Failed-Login Noise Dedup (T1)

T1

Bundle authentication-failure noise into one incident; only escalate when a source actually authenticated successfully or hit a sensitive account.

When to use Public-internet hosts that get scanned constantly — you don't want each rejected SSH attempt to appear as its own finding.
What to notice
  • A precise trigger.filter: keeps the orchestration from firing on findings that don't mention auth.
  • Step 1 collects the 60-minute window of failed logins and aggregates by source IP — the orchestration moves the burden of "is this brute-force or background radiation" onto the agent.
  • Step 2 escalates only when conditions hold (success after a streak of failures, or a sensitive account targeted).
t1-failed-login-noise-dedup.yaml click to expand
---
name: t1-failed-login-noise-dedup
description: Tier-1 dedup of authentication-failure noise. Distinguishes brute-force attempts from internet background radiation (vuln scanners, mass DDoS sweeps), bundles repeats into a single SEV-3 incident, and only escalates when the same source actually authenticated successfully or hit a sensitive account.

trigger:
  on: finding
  filter: "finding.title contains 'auth' && (finding.title contains 'fail' || finding.title contains 'invalid')"

inputs:
  host:
    type: string
    required: false
    default: ""
  finding_id:
    type: int
    required: false
    default: 0

defaults:
  timeout: 4m

steps:
  # 1. Source attribution — collect the source IPs across recent
  #    failures, classify each, and decide if any pattern looks like
  #    real brute force vs background scanner traffic.
  - id: triage
    agent: investigator
    node: "{{trigger.host}}"
    actions:
      - update_finding_status
      - set_finding_severity_override
      - add_finding_tag
      - link_run_to_finding
    prompt: |
      Triage failed-login finding #{{trigger.finding_id}} on {{trigger.host}}.

      Gather:
        - `journalctl -u sshd --since "60 minutes ago" | grep -iE "failed|invalid"` (or /var/log/auth.log)
        - Aggregate by source IP: count, first seen, last seen, account targeted
        - Look up each source IP: is it on a known threat-intel feed?
          (Use only what's locally available — no external lookups.)
        - Check for any SUCCESSFUL login from those source IPs in the same window:
          `journalctl -u sshd --since "60 minutes ago" | grep -i "accepted"`

      Classify each source:
        - `scanner` — high-volume, low-effort, hits common usernames (root, admin, oracle), no success
        - `targeted` — focused on a specific real account, slower cadence, sometimes succeeds
        - `unknown` — needs human eyes

      Verdict:
        - severity: one of `noise` | `elevated` | `incident`
          - noise:     all sources are scanners, no successful logins
          - elevated:  at least one targeted source, no success
          - incident:  any successful login from a flagged source
        - sources_count, attempts_total, accounts_hit (array)

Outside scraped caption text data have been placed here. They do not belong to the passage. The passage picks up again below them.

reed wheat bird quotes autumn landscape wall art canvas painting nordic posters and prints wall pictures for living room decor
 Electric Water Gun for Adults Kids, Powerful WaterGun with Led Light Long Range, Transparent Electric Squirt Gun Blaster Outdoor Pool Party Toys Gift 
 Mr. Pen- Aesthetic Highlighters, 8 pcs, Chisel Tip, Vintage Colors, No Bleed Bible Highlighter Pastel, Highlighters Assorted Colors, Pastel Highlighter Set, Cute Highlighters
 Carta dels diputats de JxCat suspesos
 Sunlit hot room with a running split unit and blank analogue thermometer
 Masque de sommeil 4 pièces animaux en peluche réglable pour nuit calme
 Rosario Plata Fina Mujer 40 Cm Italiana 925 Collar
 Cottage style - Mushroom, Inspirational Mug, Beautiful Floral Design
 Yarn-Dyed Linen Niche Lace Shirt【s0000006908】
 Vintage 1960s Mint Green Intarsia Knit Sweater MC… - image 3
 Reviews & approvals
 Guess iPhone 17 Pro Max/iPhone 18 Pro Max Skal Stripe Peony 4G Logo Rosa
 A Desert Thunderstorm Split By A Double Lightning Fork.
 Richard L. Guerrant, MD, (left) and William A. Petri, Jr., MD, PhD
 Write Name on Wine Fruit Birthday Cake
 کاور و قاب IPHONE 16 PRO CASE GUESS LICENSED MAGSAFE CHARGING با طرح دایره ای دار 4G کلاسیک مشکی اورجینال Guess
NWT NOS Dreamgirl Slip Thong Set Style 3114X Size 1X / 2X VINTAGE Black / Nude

      Emit an orchestration_result finding with attributes:
        severity (string)
        sources_count (int)
        attempts_total (int)
        accounts_hit (array of strings)
        has_successful_login (bool)
        worst_source (string — IP)
        rollup_window (string — e.g. "60m")

  # 2. Auto-bundle scanner noise. Writes a single dedup'd finding
  #    in place of N raw ones, suppresses the rest of the bundle
  #    for 24h via local fail2ban-style hosts.deny entry.
  - id: deduplicate
    when: "{{triage.result.severity == 'noise'}}"
    agent: investigator
    node: "{{trigger.host}}"
    timeout: 3m
    actions:
      - update_finding_status
      - set_finding_severity_override
      - add_finding_tag
      - link_run_to_finding
    prompt: |
      Bundle the noise on {{trigger.host}}.

      The triage classified the {{triage.result.sources_count}} sources as
      scanners. Apply automatic mitigation:
        - If iptables/nftables present and a "okesu-scanners" chain exists,
          add the source IPs to it with a 24h timeout
        - Otherwise, append to /etc/hosts.deny for the next 24h with comment
          `# okesu T1 scanner-noise YYYY-MM-DD`
        - Roll the {{triage.result.attempts_total}} raw findings into one
          summary finding tagged `noise-bundled`

      Emit an orchestration_result finding with attributes:
        ips_blocked (int)
        block_method (string: iptables|nftables|hosts.deny|none)
        bundle_id (string)
        actions (array)

      Actions to request on the source finding #{{trigger.finding_id}}:
        update_finding_status → false_positive
          (reason: "scanner noise; bundled into <bundle_id>")
        set_finding_severity_override → INFO
        add_finding_tag → auto-triaged-noise
        add_finding_tag → noise-bundled
        link_run_to_finding

  # 3. Escalate when something targeted the host. The on-call sees
  #    the brief inline rather than digging through 200 raw findings.
  - id: escalate_brief
    when: "{{triage.result.severity != 'noise'}}"
    agent: incident-responder
    node: "{{trigger.host}}"
    timeout: 4m
    actions:
      - update_finding_status
      - set_finding_severity_override
      - add_finding_tag
      - link_run_to_finding
    prompt: |
      Write an on-call brief for the auth-failure incident on {{trigger.host}}.

      Triage said:
        severity={{triage.result.severity}}
        sources={{triage.result.sources_count}}
        attempts={{triage.result.attempts_total}}
        accounts={{triage.result.accounts_hit}}
        had_success={{triage.result.has_successful_login}}
        worst_source={{triage.result.worst_source}}

      Cover:
        - One-paragraph timeline of what happened
        - Whether containment is needed NOW or can wait until business hours
        - Recommended actions, ordered by impact
          (key rotation? fail2ban? service-account audit? IR playbook?)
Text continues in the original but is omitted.